Injury robs Ulster this weekend of one of the most lethal wingers that the Heineken Cup has seen in recent years.
By Declan Whooley
Tommy Bowe has been in blistering form over the past five years for club and country, but unfortunately the 29 year-old will have to sit out this weekend’s quarter-final trip to Twickenham to face Saracens after sustaining knee ligament damage against Northampton last December.
The Monaghan native has been terrorising European defences since he made his debut in the competition in 2004 and with 23 tries, is in the top 10 of all time try-scorers. Only Brian O’Driscoll, Shane Horgan, Gordon D’Arcy and Geordan Murphy are ahead of him from an Irish perspective, all the more impressive when you consider he has had fewer games to show his wares.
An impressive GAA player in his youth – he represented Monaghan at U16 and minor levels – he began to make a name for himself in rugby at the University of Ulster, earning international selection at U20 and U21 level and earning a call-up to the Ulster squad at the end of the 2003/04 season.
The following season he made his European bow in a 21-16 victory over Cardiff at Ravenhill. Bowe played all six pool games that season, scoring a try in the process. He also earned his first senior international cap that season while also crowned the Guinness Ulster Rugby Personality of the Year Award.

Must have been fashionable at the time
The following season he also played all the pool games with a try his return at a time when Ulster struggled to match the achievements of the all-conquering 1999 side. At the end of the 2008/09 season, Bowe decided to try a new challenge and announced he was moving to Welsh side the Ospreys and it was here that he really started running in the scores with his new team-mates.
In his first season he scored a personal best of four tries before Munster gave them a 43-9 thumping at Thomond Park in the quarter-final.

On the receiving end of a Thomond thumping
For the 2010/11 campaign the Welsh outfit were pitted in a difficult group featuring Leicester and Clermont, but they emerged from the group before an agonising one point defeat to Biarritz in France. Bowe was in blistering form, scoring seven tries in seven games that season as he finished top scorer in the competition.
The following year the Ospreys failed to make it out of their group that featured Munster.

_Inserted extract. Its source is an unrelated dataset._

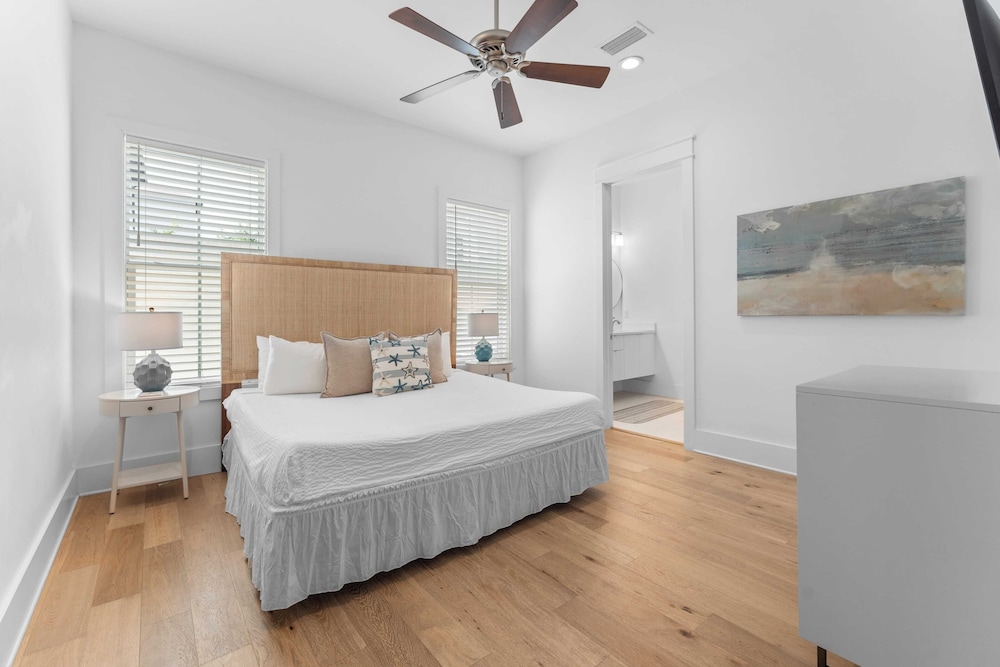 Walk to Beach + Pool, Hot Tub & Game Room 30A Ohana Grande by Avantstay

Bowe scored two tries that season, one of which was in another defeat at Thomond Park, a game best remembered for Paul O’Connell’s sending off on his return to action.
Last season the winger announced that he was to return to his home Province and add some strong competition to a team that reached the Heineken Cup final. Like Ulster, he was in great form early on in the season, before the injury set-back before Christmas.
He has been a huge loss to the Ulster cause and they will hope that should they prevail against Sarries, he could be available again for the next round. Either way, Bowe has proved himself to be a top marksman in the competition, and will prove a handful to defender for hopefully many more seasons to come.